Netanyahu echoed Manelis’ accusation Monday morning before he flew to Moscow, vowing to discuss with Putin “Iran’s effort to turn Lebanon into one giant missile site” for attacks on Israel.
In Moscow, Netanyahu said that Israel is "still ready to prevent any attempts of this type of ideology, in the first place Iran, which speaks of the intention to destroy us".
"We will stand before them [Iran] with all our might," Netanyahu said. "There will not be another Holocaust."
After the meeting, Netanyahu spoke with journalists, calling the meeting with the Russian leader ‘constructive’.
“This meeting took place in the midst of a larger period of change,” continued the Prime Minister. “This is a watershed moment in Syria. Will Iran establish a foothold in Syria, or will the process be halted. I made it clear to Putin that we will stop [that process]. If it won’t be halted on its own, we will take action – and in reality we are already working to stop this threat.”
“We also discussed Lebanon,” said Netanyahu, “and I told him that the threat of weapons emanating from Lebanon is a threat the State of Israel will not tolerate, and if we need to act – we’ll take action.”

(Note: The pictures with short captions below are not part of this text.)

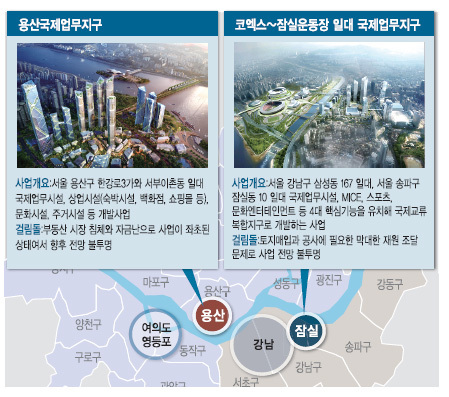 서울 핵심지역인 용산과 강남 2곳에서 서울의 미래허브가 되기 위한 경쟁이 치열하게 전개되고 있다.
한 곳은 지난 2007년 추진됐다가 지난해 최종 무산된 용산국제업무지구. 다른 한 곳은 지난 1일 서울시가 발표한 코엑스~잠실운동장 일대 국제교류 복합지구다.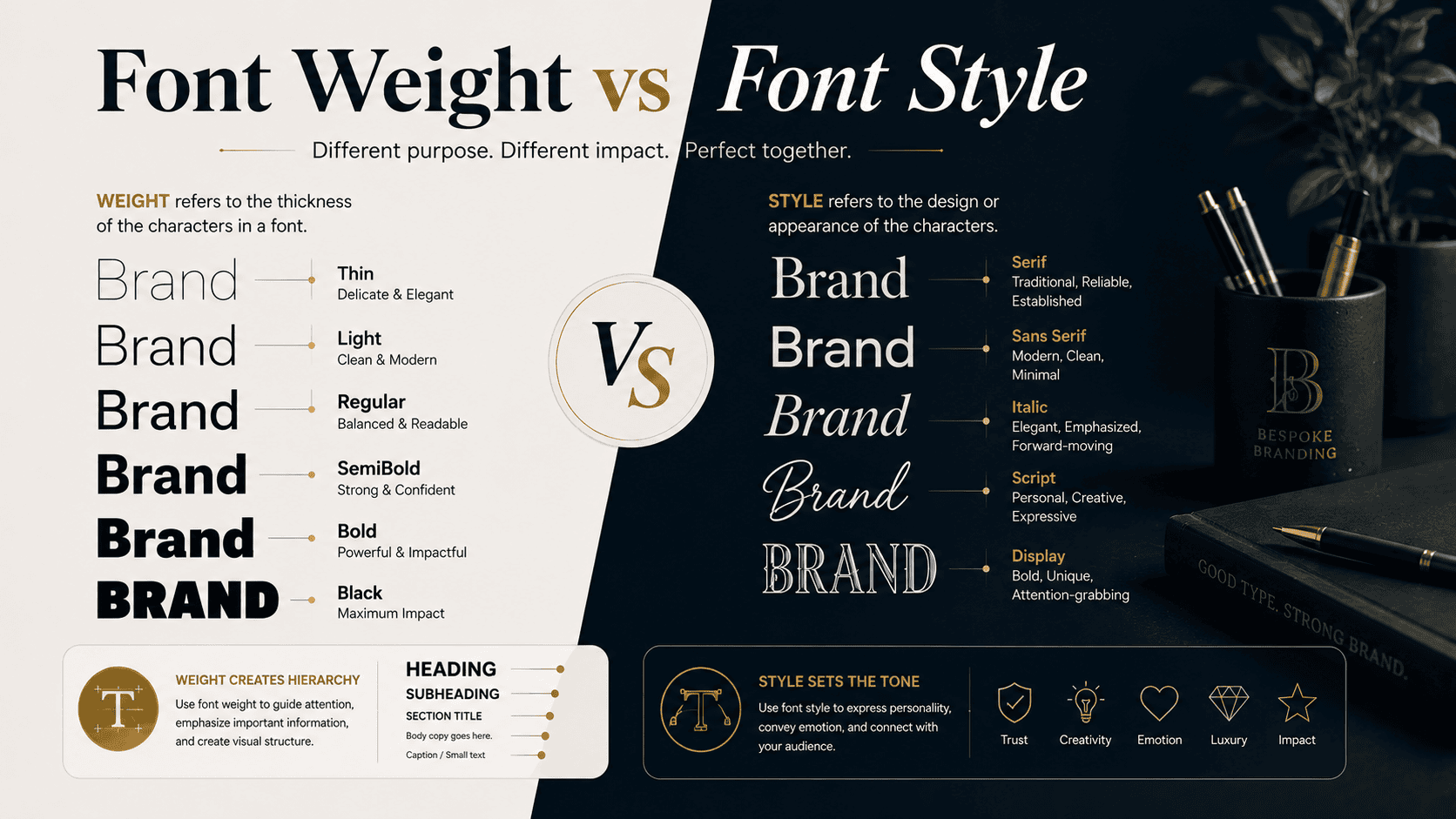 Font Weight vs Font Style
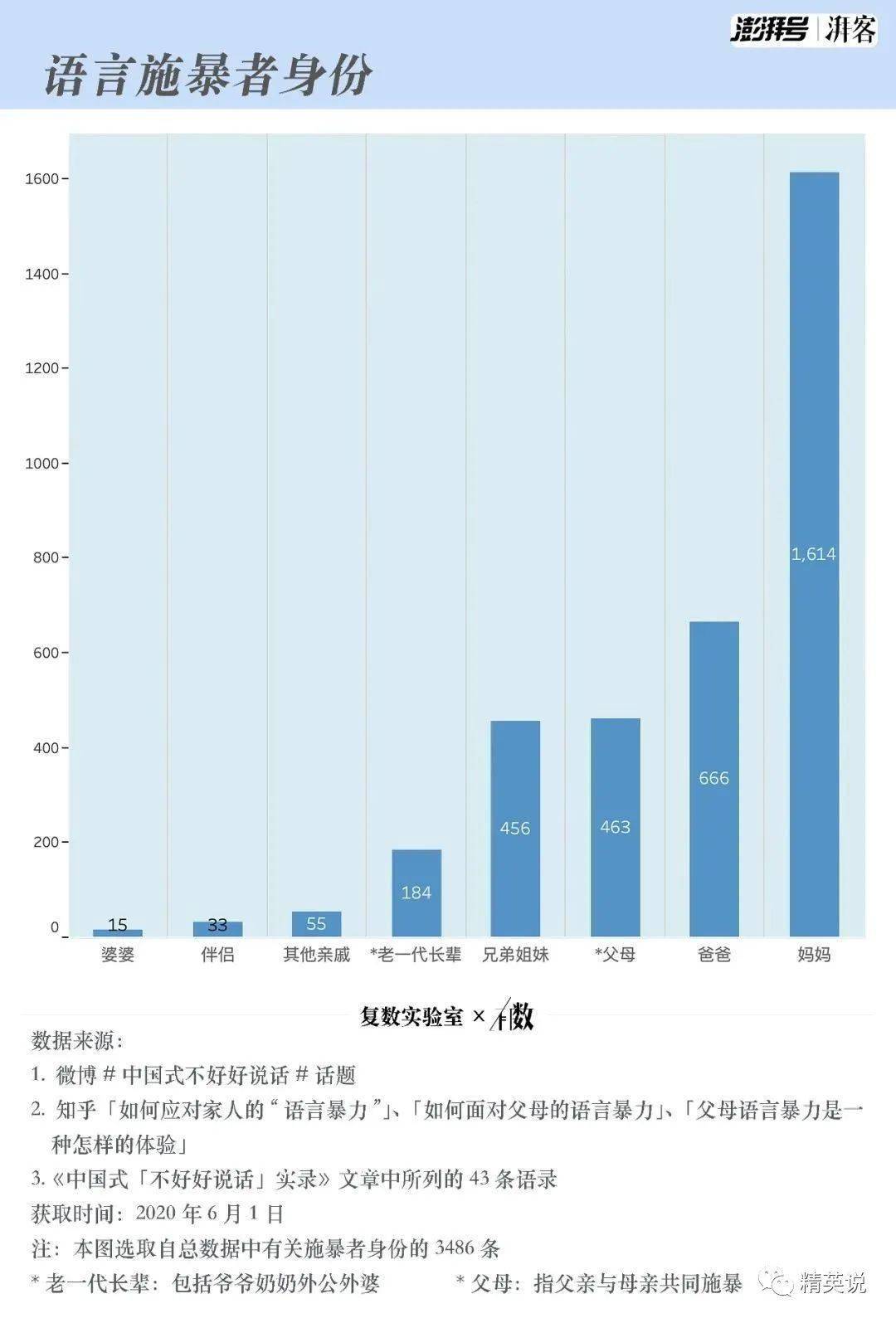 北京讽刺高端人口_人口老龄化图片(3)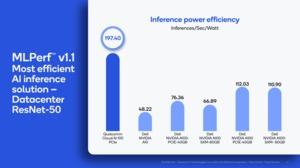 MLPerf Inference 1.1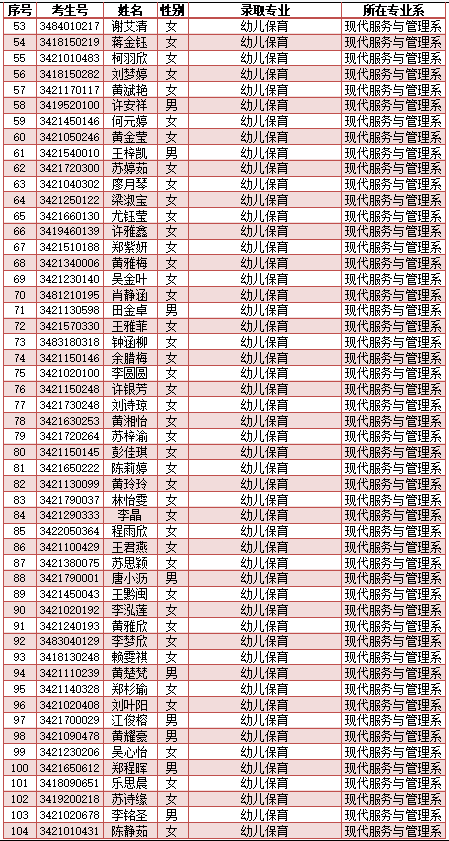 <a href=http://www.tjsxht.com/school-417/ target=_blank class=infotextkey>ϰйI(y)WУ</a>2024ꌣȡ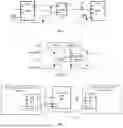 Fig. 02 - META-STABILITY-FREE TWO-CLOCK-DOMAIN SYNCHRONOUS LATCH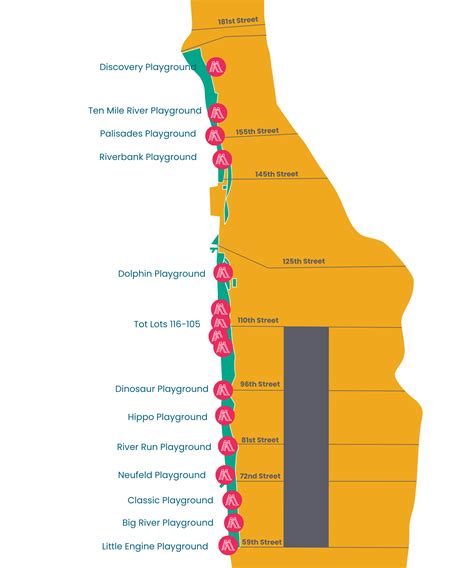 Riverside Playground Partners - Riverside Park Conservancy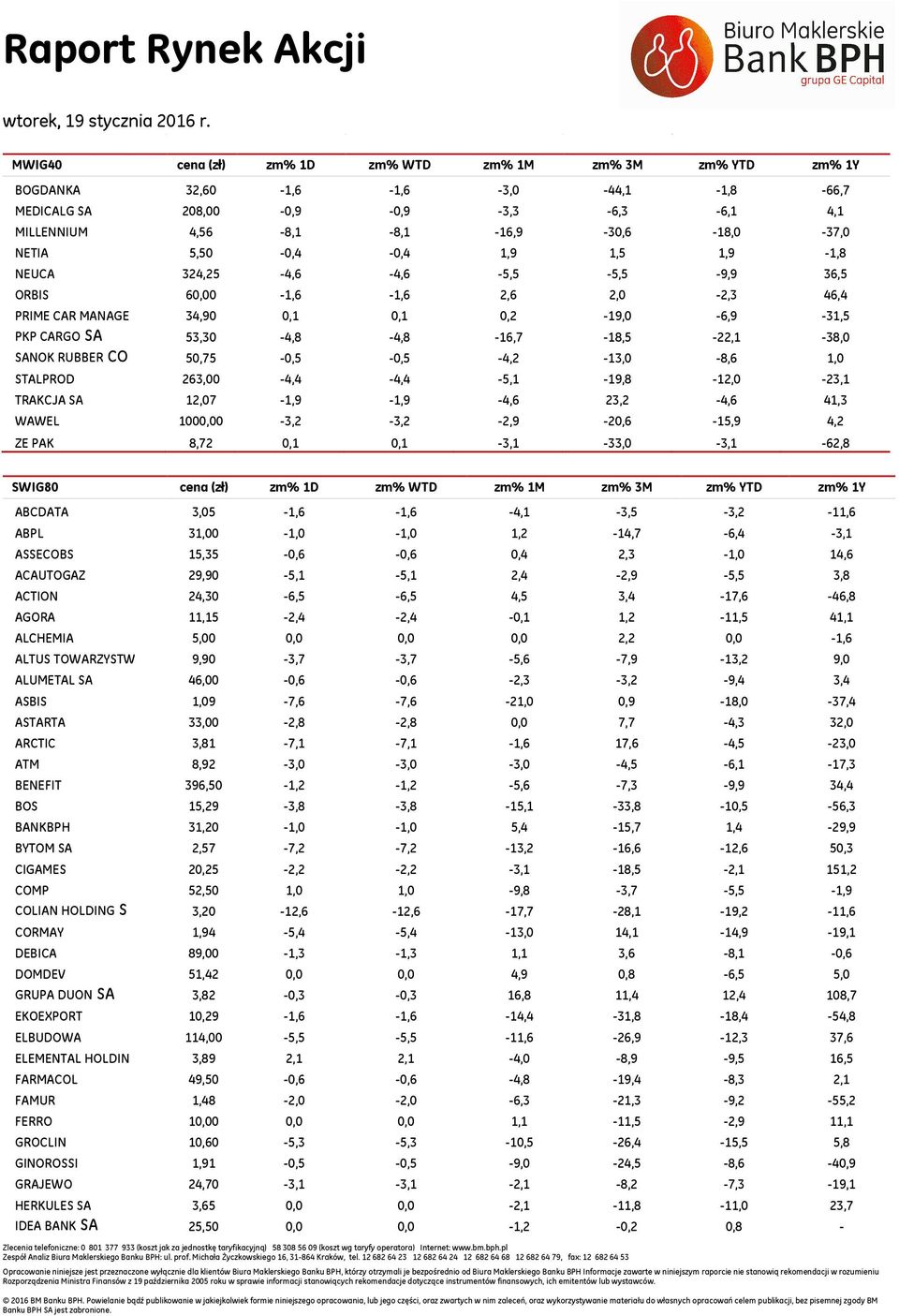 SANOK RUBBER CO 50,75-0,5-0,5-4,2-13,0-8,6 1,0 STALPROD 263,00-4,4-4,4-5,1-19,8-12,0-23,1 TRAKCJA SA 12,07-1,9-1,9-4,6 23,2-4,6 41,3 WAWEL 1000,00-3,2-3,2-2,9-20,6-15,9 4,2 ZE PAK 8,72 0,1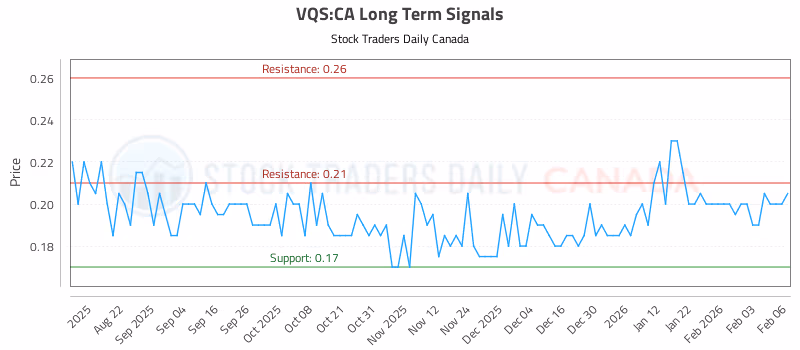 Stock Chart for VQS:CA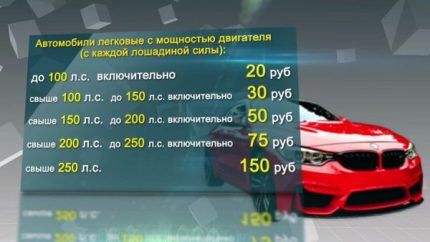 Перевод киловатт в лошадиные силы: сколько ЛС в одном кВт + принципы и способы вычислений Перевод киловатт в лошадиные силы: сколько ЛС в одном кВт + принципы и способы вычислений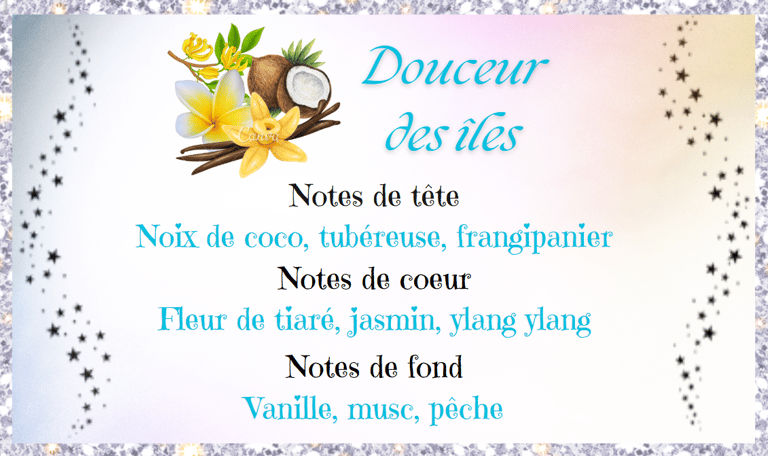 Description parfum Douceur des îles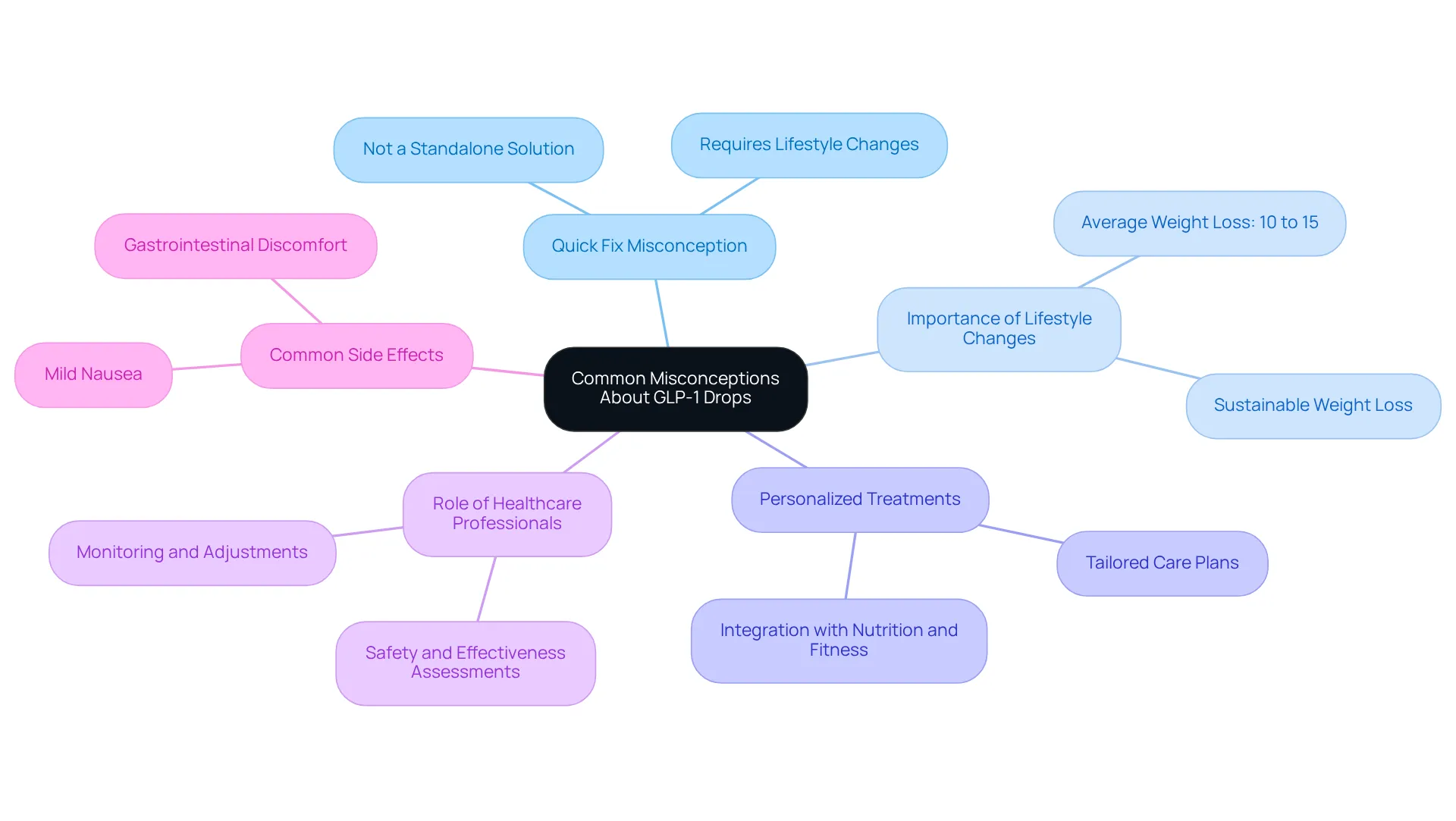 The mindmap starts with the main theme at the center. Each branch represents a key misconception or aspect of GLP-1 drops, with further details fleshed out in sub-branches. Follow the connections to see how these ideas relate to creating a successful weight loss strategy.
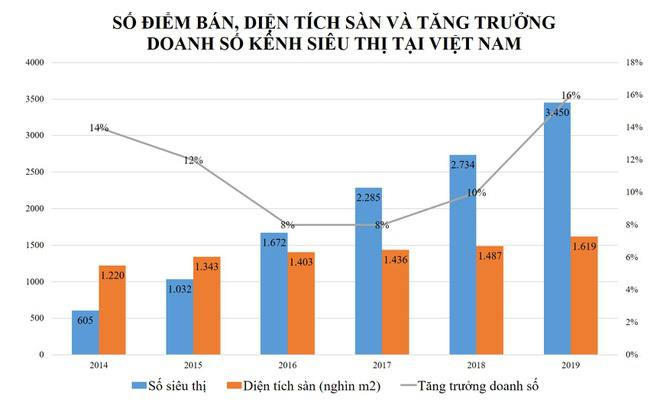 Siêu thị nào chiếm thị phần cao nhất tại Việt Nam? - Ảnh 1. Siêu thị nào chiếm thị phần cao nhất tại Việt Nam? - Ảnh 1.
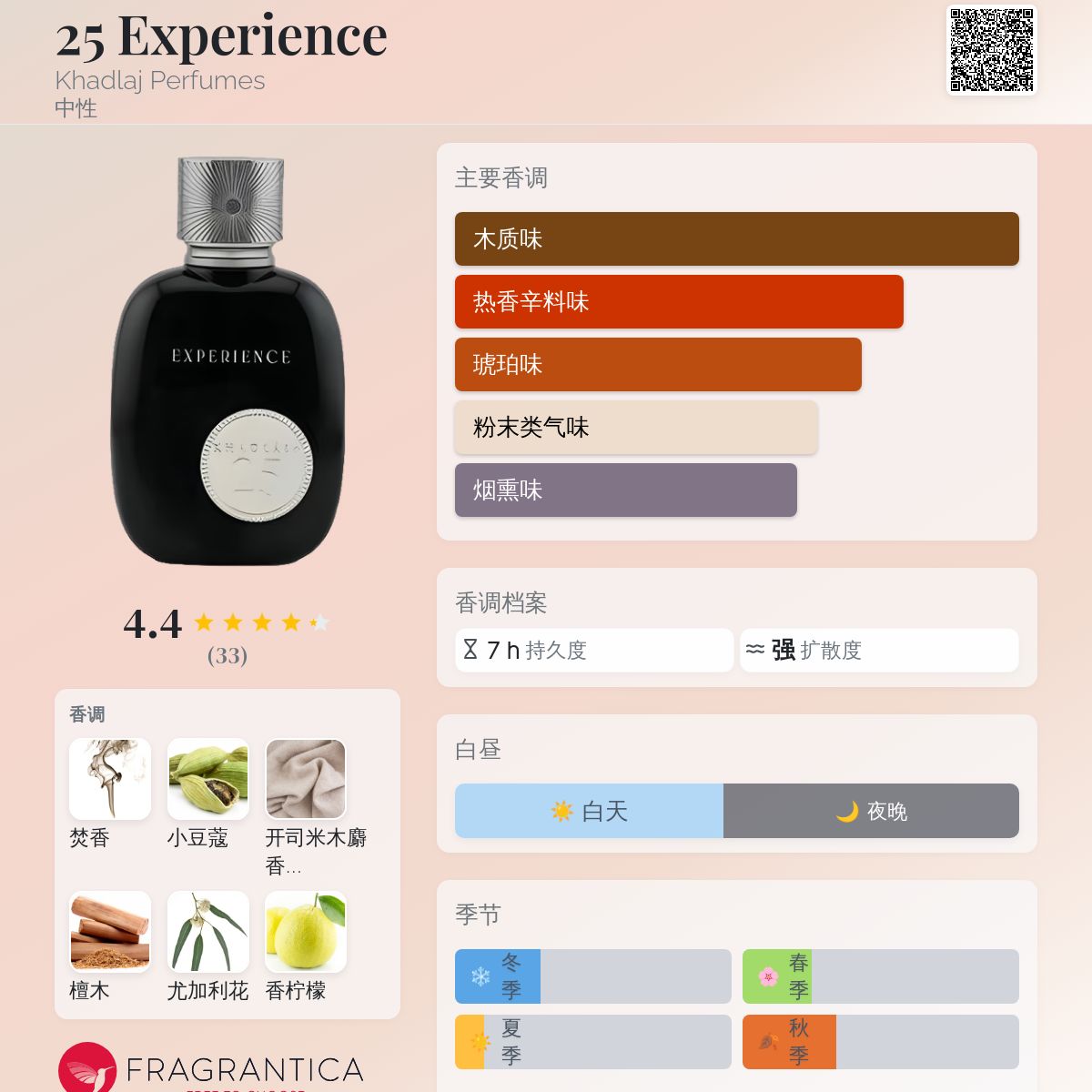 香水(男性用) Khadlaj  25 Experience Khadlaj Perfumes 香水- 一款2024年新的中性香水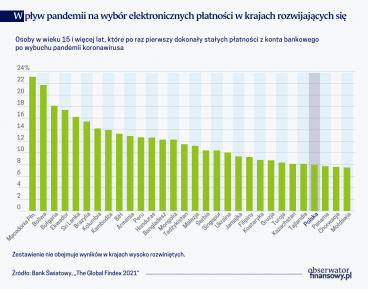 Pandemia przyspiesza cyfrowe płatności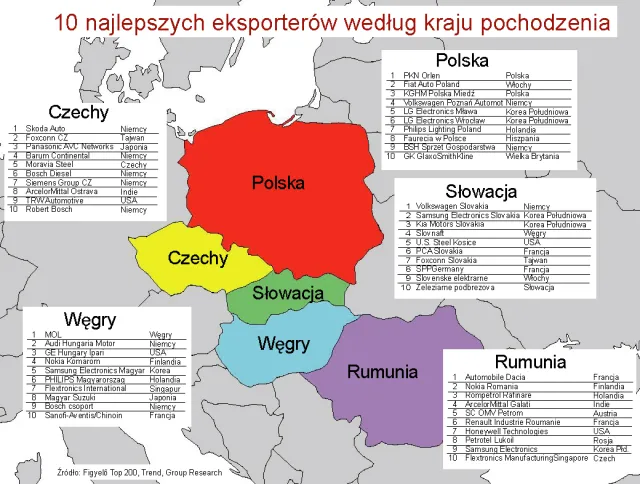 Azjatyckie firmy są wśród największych eksporterów z państw Europy Środkowej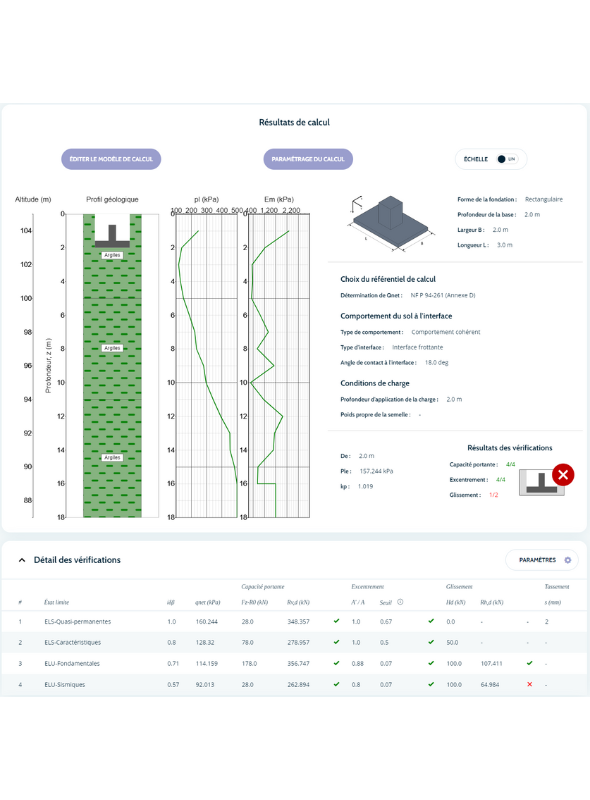 Fondations superficielles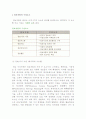 정보자원의 구성요소와 체계 2페이지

Netanyahu pointed out that the missile factories in Lebanon were still in the early stages of construction, but emphasized that Iranian forces operating in the area must understand that not only Israel but also the US would not tolerate the manufacture of such weapons on Israel’s northern border.
“These factories are still in the process of being established. It is important for our enemies to understand that not only will Israel not accept the existence of these factories, but also the world powers will not accept them.”
Prime Minister Benjamin Netanyahu on Monday met with Russian President Vladimir Putin in Moscow, telling him that the lesson of the Nazis was that murderous ideologies must be stopped before they can flourish — an apparent reference to the current situation with Iran.
Ahead of their meeting, which was expected to focus on Israel’s concerns over the Iranian nuclear deal and attempts by Tehran to set up a military presence in Syria, the two leaders visited the Jewish Museum and Tolerance Center, where they viewed an exhibit dedicated to the 1943 uprising at the Nazi death camp Sobibor, in occupied Poland, that was led by Jewish inmate and Red Army officer, Alexandr Pechersky.
“We see here a very moving exhibition of documents from the Sobibor revolt, in which a Jewish officer from the Red Army, against all odds, led the successful breakout, the breakout to freedom.”
“I think that main lesson learned from the rise of the Nazis and afterwards the defeat of the Nazis, is the need to powerfully stand up to murderous ideology in time,” Netanyahu said at the museum. “That is our mission also today, that is what I want to talk to you about: our joint efforts to advance security and stability in our regions, and of course on the mutual cooperation between us, between Russia and Israel.”
Putin responded by noting the historical tie that the Russian and Jewish people have over their suffering in World War II, during which six million Jews and some 20 million Russians were killed.
“As you know, in our country there were many victims, in nearly every family,” the Russian leader continued. “Among the Jews who were murdered by the Nazis, there were many citizens of the Soviet Union. They are the ones who made a great contribution in the defeat of the Nazis. We will use this opportunity to talk about our bilateral relations and to discuss the situation in the region.”